◆ WHAT TO PRODUCE
Only the pictures are to be left out; write out the rest of the data exactly.

◆ DATA BELOW
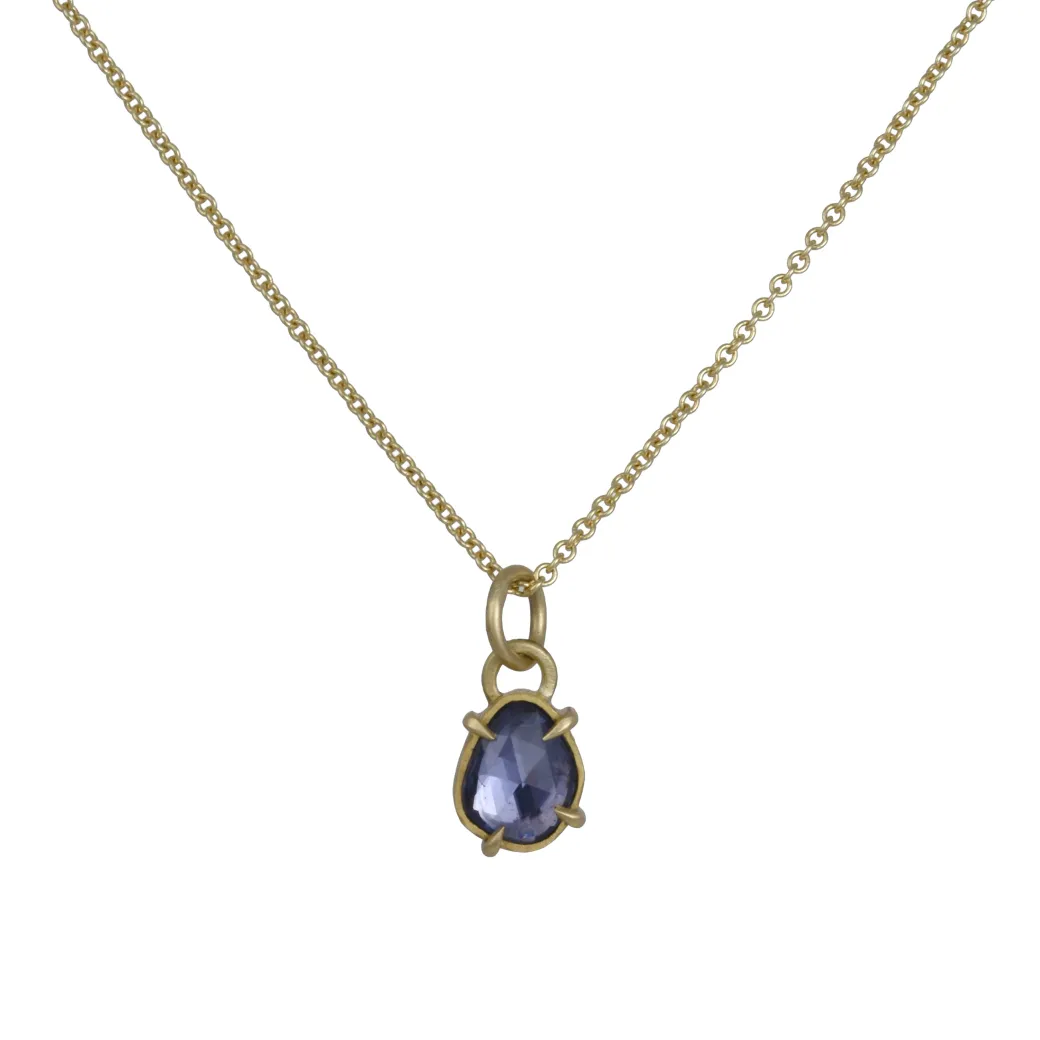 Annie Fensterstock – Rose cut Sapphire Pendant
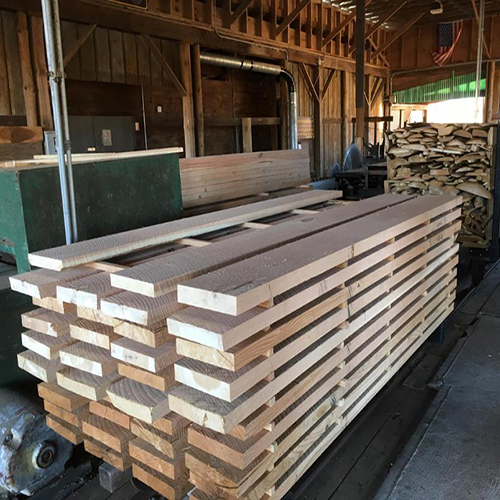 Pile of lumber in the DEEP Sawmill.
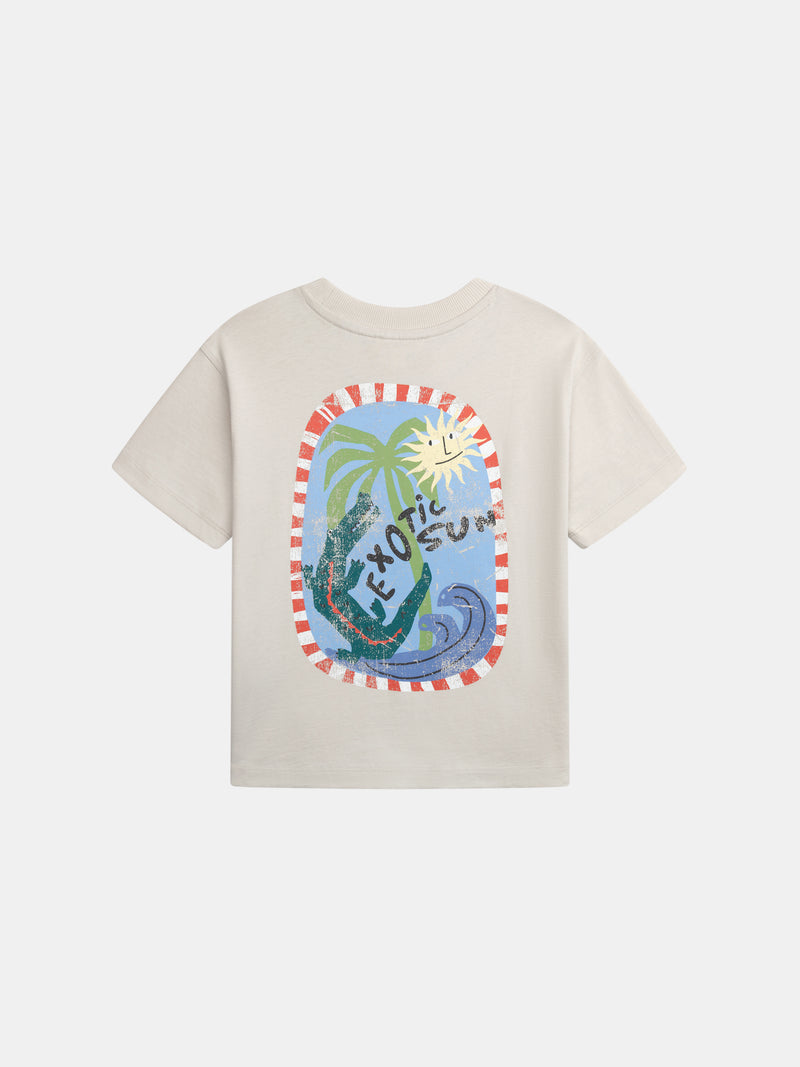 Beige T-Shirt mit "Exotic Sun"-Animation für Jungen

◆ EXERCISE SOLUTION
 Annie Fensterstock – Rose cut Sapphire Pendant
 Pile of lumber in the DEEP Sawmill.
 Beige T-Shirt mit "Exotic Sun"-Animation für Jungen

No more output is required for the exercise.